There are three kinds of RL in general. The first two are model-free methods.

  1. Value: Parameterize value function; Estimate value function $q$ to generate the best policy. Q learning, SARSA

  2. Policy: Parameterize policy gradient; Objective is to maximize the average return so that find the best policy directly; always combine with value-based method. Actor Critic

  3. Model: Parameterize the model; Improve model accuracy; always combine with value-based method. Dyna-Q & Dyna-Q+

We can also categorize RL into off-policy and on-policy methods. “Off policy” refers to behavior policy and target policy is different while “On policy” refers to it is the same.

Now, we first introduce Monte Carlo Method to predict and control.

Monte Carlo idea

“Monte carlo methods are ways of solving the reinforcement elarning problem based on averaging sample returns”. It’s a way to learn episode-by-episode.
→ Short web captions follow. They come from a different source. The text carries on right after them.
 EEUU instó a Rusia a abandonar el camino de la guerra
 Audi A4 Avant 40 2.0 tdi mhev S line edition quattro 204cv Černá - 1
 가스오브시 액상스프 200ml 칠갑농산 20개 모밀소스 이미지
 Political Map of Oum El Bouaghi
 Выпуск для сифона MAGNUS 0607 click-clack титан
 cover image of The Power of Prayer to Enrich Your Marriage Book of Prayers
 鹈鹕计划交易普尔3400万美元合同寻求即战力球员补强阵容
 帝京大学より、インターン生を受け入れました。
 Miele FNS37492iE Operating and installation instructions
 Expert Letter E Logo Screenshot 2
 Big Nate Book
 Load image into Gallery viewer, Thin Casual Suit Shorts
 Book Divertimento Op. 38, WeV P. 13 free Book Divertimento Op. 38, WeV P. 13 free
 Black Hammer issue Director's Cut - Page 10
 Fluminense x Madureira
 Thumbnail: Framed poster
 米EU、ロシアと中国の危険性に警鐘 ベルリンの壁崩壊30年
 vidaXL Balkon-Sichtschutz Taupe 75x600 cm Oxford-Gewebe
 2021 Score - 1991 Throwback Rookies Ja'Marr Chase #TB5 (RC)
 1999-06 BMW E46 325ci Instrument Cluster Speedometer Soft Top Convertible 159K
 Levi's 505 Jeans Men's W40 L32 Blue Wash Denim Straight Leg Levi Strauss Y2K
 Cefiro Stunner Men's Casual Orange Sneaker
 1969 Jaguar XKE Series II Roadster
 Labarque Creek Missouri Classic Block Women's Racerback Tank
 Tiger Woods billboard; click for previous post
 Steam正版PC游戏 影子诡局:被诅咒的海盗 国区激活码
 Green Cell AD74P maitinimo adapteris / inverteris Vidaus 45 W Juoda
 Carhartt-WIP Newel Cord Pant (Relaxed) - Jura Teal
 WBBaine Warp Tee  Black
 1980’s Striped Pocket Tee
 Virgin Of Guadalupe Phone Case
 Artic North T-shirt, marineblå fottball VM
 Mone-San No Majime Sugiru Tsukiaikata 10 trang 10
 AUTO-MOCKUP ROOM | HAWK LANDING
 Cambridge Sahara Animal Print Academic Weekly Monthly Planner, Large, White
On-Policy Monte Carlo Prediction

Without any state transition info, we want to estimate value function via averaging return sampled by following the policy.

why we need to loop backward?

  • to compute the return more efficiently.

can we use incremental updates?

  • yes

On-Policy Monte Carlo Control

Following the general policy update, we estimate Q value using MC and update policy accordingly.

However, we need exploring start to encourage exploration so that each state-action pair is selected at least once.

OR! We will use “epsilon-soft” policy to encourage that!

Off Policy

Why do we care about off policy learning? Because Off policy learning are more powerful and general!

Assumption of Convergence Assume b is behavior assumption, $\pi$ is target assumption. if $\pi(a|s) >0$ implies $b(a|s)>0$, we can learn value function of b.